— Эт верно, — задумчиво протянул старик, — надоедает. Только кровь — она не водица. Где возьмешь? Глашкиного ребеночка не тронь: она за него тебя как раз под стенку подведет. Хоть и давно к нам ходит, а не приняла еще слова божьего в сердце свое. А много бы страху кровушкой невинной нагнать на овечек наших можно, ой много. И пошатнувшиеся в вере укрепились бы; шатаются, брат, люди-то, совсем молодые от нас отошли. Год-другой — и останемся мы с тобой сам-два…
— А на что мне Глашкин, коли у меня свой звереныш лежит, — засипел дядя, Петя. — Анюту-то я так согнул, из нее веревки можно вить, слова не скажет. А он мне уже горло переел. Зырит волчонком, того и гляди вцепится. Знаешь, сколько я с ним бился, пока крещение принять заставил? Да если он об одном этом кому-нибудь расскажет, не миновать нам беды. Не раз я уже думал: кончать надо с ним.
У меня с гулом оборвалось сердце, и я ладонью зажал себе рот, чтобы не закричать. И плотнее прижался ухом к холодной стене.
Старик долго сморкался и кашлял, затем сказал:
— Ну что ж, дело доброе. Мальчонку ни на хуторе, ни в деревне, окромя наших, никто не видал, глядишь, без лишнего шума и обойдется. А это, брат, главное. Малейший шум — и конец нам с тобой, Петро.

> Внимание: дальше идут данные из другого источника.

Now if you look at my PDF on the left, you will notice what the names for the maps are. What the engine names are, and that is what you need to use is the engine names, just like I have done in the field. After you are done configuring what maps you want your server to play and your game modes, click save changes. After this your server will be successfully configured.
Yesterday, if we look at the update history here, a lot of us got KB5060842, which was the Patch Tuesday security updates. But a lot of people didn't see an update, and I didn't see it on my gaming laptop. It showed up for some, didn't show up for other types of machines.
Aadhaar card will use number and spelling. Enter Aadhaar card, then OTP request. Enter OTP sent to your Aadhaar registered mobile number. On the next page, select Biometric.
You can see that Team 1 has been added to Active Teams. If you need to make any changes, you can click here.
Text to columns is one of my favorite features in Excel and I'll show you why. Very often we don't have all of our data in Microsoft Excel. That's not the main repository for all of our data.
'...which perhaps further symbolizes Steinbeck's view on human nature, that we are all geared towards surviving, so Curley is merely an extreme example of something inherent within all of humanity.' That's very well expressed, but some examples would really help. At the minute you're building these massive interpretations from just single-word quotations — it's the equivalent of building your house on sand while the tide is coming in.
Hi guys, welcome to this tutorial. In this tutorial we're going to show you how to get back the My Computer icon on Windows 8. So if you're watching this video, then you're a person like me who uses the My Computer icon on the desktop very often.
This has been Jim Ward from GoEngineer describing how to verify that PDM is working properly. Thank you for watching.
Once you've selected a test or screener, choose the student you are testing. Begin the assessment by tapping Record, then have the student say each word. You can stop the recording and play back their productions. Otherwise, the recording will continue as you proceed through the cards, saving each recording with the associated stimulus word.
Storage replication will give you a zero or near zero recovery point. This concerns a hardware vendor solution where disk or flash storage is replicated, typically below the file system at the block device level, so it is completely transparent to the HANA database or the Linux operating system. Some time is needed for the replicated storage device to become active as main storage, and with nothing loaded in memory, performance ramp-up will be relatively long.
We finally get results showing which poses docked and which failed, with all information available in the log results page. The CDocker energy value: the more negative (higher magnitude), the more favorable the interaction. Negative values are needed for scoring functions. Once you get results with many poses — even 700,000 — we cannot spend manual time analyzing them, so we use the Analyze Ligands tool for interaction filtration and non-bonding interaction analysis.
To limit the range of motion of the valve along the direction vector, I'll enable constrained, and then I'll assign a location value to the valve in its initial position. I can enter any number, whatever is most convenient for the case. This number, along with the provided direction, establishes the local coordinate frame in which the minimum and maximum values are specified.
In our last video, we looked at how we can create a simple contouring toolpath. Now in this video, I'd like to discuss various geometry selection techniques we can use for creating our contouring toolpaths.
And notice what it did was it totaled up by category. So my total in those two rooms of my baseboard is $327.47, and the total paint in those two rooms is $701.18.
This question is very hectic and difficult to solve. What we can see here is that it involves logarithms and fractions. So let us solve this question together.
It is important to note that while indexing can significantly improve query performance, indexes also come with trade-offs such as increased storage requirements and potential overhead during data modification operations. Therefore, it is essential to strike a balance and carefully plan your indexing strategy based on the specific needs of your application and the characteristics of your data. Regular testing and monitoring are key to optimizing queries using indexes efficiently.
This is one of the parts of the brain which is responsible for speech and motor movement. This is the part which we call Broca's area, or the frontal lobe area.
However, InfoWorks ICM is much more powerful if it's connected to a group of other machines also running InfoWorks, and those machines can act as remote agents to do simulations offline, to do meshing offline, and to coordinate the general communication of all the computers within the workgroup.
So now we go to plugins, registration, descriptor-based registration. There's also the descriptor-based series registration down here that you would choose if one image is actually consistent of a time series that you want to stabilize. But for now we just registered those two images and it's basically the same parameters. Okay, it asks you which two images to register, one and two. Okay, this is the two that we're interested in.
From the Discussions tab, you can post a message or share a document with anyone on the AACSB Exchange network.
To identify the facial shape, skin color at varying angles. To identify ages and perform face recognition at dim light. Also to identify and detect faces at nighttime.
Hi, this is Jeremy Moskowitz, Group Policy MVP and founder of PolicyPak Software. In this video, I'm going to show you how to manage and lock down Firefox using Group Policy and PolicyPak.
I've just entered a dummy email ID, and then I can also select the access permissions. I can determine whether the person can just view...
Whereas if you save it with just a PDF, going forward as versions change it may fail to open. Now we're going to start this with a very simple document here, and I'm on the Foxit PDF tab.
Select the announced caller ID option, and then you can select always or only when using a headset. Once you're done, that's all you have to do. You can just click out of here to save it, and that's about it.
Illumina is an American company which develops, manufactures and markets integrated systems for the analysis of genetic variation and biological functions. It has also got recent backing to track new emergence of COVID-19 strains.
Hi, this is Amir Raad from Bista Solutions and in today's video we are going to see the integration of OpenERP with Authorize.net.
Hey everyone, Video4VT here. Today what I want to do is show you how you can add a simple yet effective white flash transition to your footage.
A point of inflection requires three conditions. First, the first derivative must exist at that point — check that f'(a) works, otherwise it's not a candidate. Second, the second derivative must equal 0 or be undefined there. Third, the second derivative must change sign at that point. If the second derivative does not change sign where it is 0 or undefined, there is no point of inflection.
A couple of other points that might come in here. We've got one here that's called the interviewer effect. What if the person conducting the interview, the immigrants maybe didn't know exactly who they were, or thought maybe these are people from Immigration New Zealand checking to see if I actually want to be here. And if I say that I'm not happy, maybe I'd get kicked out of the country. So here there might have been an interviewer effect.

Сам знаешь, пощады ждать нечего. — Старик помолчал и закончил: — Значит, в воскресенье Яшке-дурачку видение будет — жертвы искупительной просит господь. Истолкую я, что кровью Анюте надо от грехов очиститься. А если она на это дело не пойдет — сам ей по-братски помоги. Понял?
— Понял, — глухо ответил дядя Петя, — помогу. Только давай сейчас наперед уговоримся: меньше трех четвертей не беру.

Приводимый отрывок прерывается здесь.